When cutting foreign technology companies from Chinese supply chains, Beijing has long chosen to work obliquely or even secretly. Regulators would give executives back-room lectures, weigh them down with excessive red tape or hit them with occasional office raids. Rarely did the government tell a firm outright it was no longer welcome.
But that is what it signaled to Micron Technology in a late-night announcement on Sunday.
The Chinese government banned companies that handle critical information from purchasing microchips made by the Boise, Idaho-based Micron. The company’s chips, which are used for memory storage in all kinds of electronics, like phones and computers, were deemed to pose “relatively serious cybersecurity problems” by China’s internet watchdog after a review.
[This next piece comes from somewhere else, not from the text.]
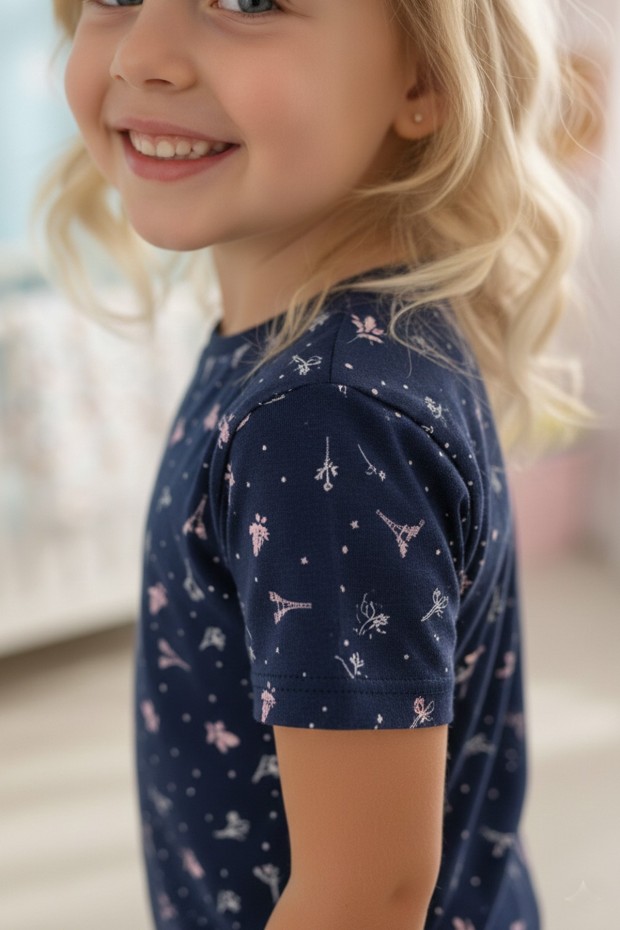 Kız Çocuk Çiçek Desenli %100 Pamuk Reaktif Boyalı Süprem Kumaş Kısa Kollu Şortlu Pijama Takımı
Micron said it was “evaluating” the government’s finding and “assessing” what it would do next. Analysts said the company, which has been selling chips in China for years, could find itself cut out of future business from Chinese companies.
The openness and speed with which the Chinese authorities took action against Micron — they spent fewer than two months on the investigation — underscore how far apart the two sides are drifting on tech policy. Last year, the Biden administration took harsh steps to block Chinese chip makers’ access to crucial tools needed to make advanced chips, as well as access to the chips that run supercomputers and craft powerful artificial intelligence algorithms.
The Micron action, widely seen as a reprisal for those moves, shows some of the advantages China has over the United States: a speedy, and feared, authoritarian rule that can quickly pronounce and enforce absolute bans. It also offers a glimpse of new tactics by Beijing.
With the block of Micron, the authorities carved out a space in the industry that Chinese chip makers could fill. The move also could present a new wedge between the United States and its allies, whose companies could make billions of dollars in sales if they were to step in and pick up business that Micron might lose.
For Beijing, hurting an American company that makes critical equipment advances the government’s goal of boosting its domestic tech sector.
“It may not be feasible or necessary to completely replace all products with domestic ones, but for these core products, we need to develop our own capabilities and avoid being overly dependent,” said Xiang Ligang, a director of a Beijing technology consortium who has advised the Chinese government on technology issues. “This applies not only to the chip industry but also to other sectors,” he added.
For the better part of a decade, China and the United States have jockeyed over global technological leadership. Chinese computer hacks of American firms, and policies designed to acquire closely held intellectual property, raised red flags in Washington. In Beijing, revelations from Edward J. Snowden, the former U.S. intelligence contractor, exposed the vulnerability in relying too much on American tech.
As each side maneuvered to find new advantages, both came to focus on the semiconductor industry. The tiny microchips that do the thinking for just about all electronics were a convenient choke point for the United States, which worked to cut off China’s access to the smallest and fastest chips. The hope was to make China’s supercomputers less smart and its smartphones less salable.
To counter Washington, China lavished subsidies on domestic chip leaders. While they failed to catch up to global rivals in the arena of most advanced chips, some firms succeeded with less sophisticated parts, like memory chips and larger logic chips that work in cheaper smartphones and cars.
Then the Biden administration in October announced a dramatic set of policies aimed at China’s most successful semiconductor companies. The move, along with billions in new subsidies for chip production in the United States, were viewed dimly by Chinese policymakers, said Paul Triolo, the senior vice president for China at Albright Stonebridge Group, a strategy advisement firm.
“Officials in Beijing over the past months have been complaining to anyone who will listen about U.S. actions,” he said. “Beijing views these moves as primarily politically driven and is now willing to go tit for tat,” Mr. Triolo added.
In some ways, China is better equipped for that exchange. China’s authoritarian system enables quick action and guarantees that few domestic firms will break with policy.
In the United States, political debate and legal challenges can dull the sharpness of government efforts. Major American companies, for instance, found legal workarounds to Washington’s attempts to cut component sales to companies like Chinese telecom equipment maker Huawei. Some multinationals successfully lobbied for licenses to allow them to keep selling to blacklisted companies.
By targeting Micron specifically, China is hitting at one of the few sectors — memory chips — that it has a toehold in with its chip competition with the United States.
While protecting such success by banning American competitors makes strategic sense, China remains very reliant on the United States for advanced chips, according to Teng Tai, an economist and the director of the Wanbo New Economic Research Institute in Beijing.
“The ultimate goal of retaliating against Micron is to urge certain American companies to restrain themselves, so we could further promote technology and trade cooperation, and avoid pursuing an isolated and self-reliant approach,” he wrote Monday on Weibo, a Chinese social media outlet.
Another question that Sunday’s action against Micron raises is how the United States’ ally South Korea will respond. Its companies, in particular Samsung and SK Hynix, have the most to gain from the Micron ban. The two Korean companies stand to pick up customers from Micron, which reported $3.3 billion in sales in China in 2022.
Mr. Xiang, the Chinese government adviser, said, “Why should South Korea blindly follow the United States and harm its own interests? I don’t think South Korea has such an obligation.”